▼

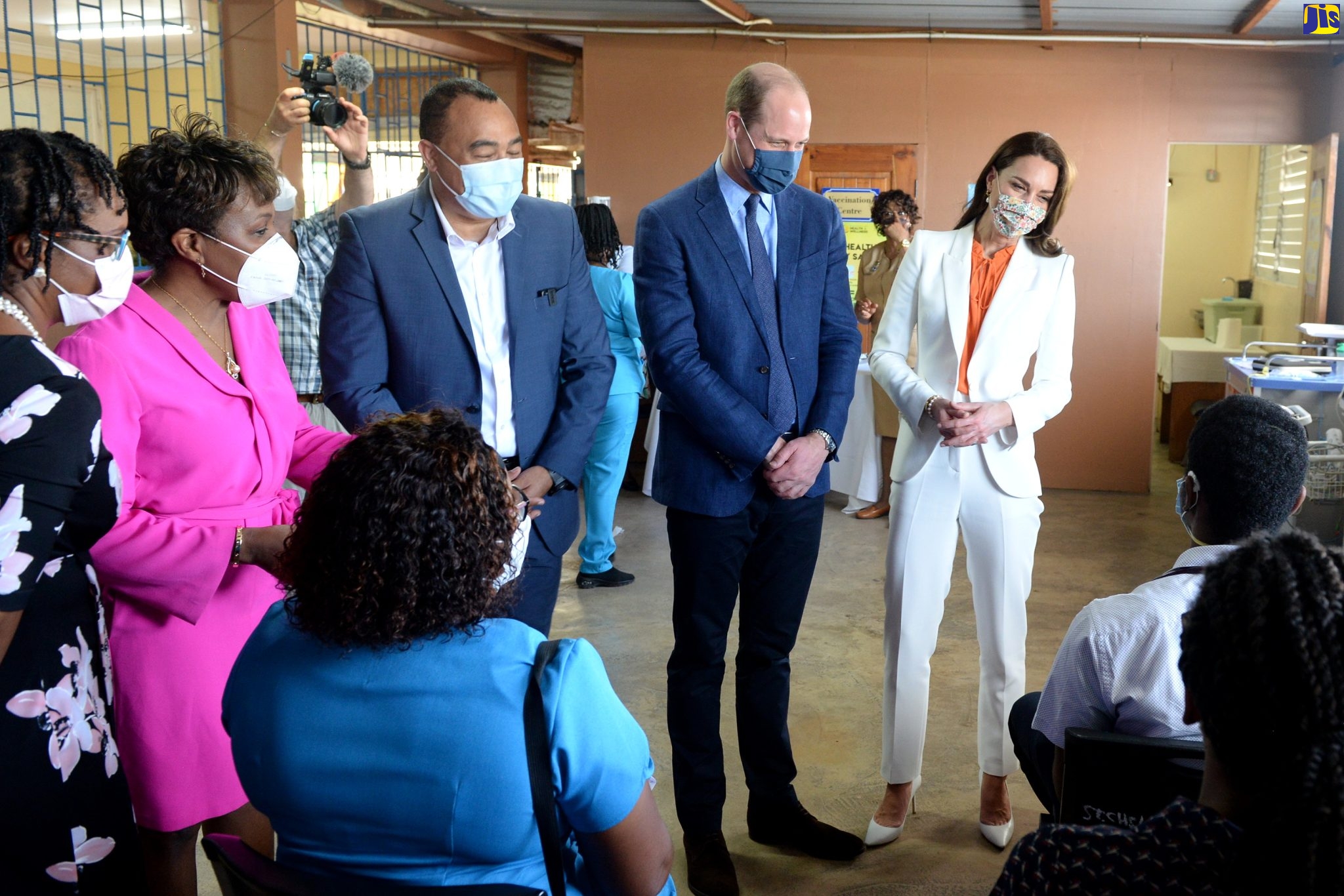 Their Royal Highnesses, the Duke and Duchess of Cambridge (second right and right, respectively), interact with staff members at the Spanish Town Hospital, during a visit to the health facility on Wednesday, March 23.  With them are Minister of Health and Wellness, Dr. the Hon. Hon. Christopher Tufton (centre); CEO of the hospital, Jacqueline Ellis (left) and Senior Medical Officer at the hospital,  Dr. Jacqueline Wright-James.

▲
▼

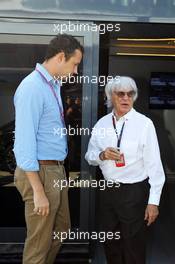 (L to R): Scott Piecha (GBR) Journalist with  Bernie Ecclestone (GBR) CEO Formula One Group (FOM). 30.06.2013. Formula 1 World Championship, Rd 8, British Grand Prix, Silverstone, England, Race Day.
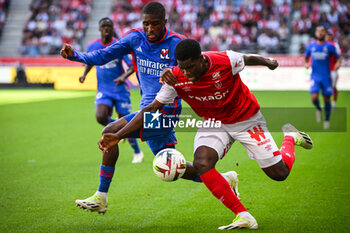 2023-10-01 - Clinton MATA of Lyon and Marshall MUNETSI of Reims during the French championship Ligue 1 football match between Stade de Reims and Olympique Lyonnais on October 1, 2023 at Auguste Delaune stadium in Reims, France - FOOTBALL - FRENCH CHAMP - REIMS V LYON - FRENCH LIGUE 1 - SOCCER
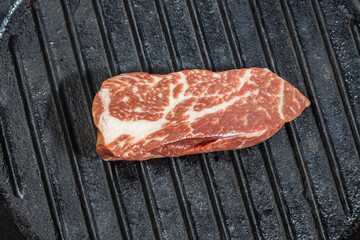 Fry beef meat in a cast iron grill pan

▲

_Aim of the task_.
Give exactly the lines above that run from the line with "2023-10-01 - Clinton" to the line with "Fry beef meat in a cast iron grill pan", both included, leaving every picture out.

_Exercise answer_.
 2023-10-01 - Clinton MATA of Lyon and Marshall MUNETSI of Reims during the French championship Ligue 1 football match between Stade de Reims and Olympique Lyonnais on October 1, 2023 at Auguste Delaune stadium in Reims, France - FOOTBALL - FRENCH CHAMP - REIMS V LYON - FRENCH LIGUE 1 - SOCCER
 Fry beef meat in a cast iron grill pan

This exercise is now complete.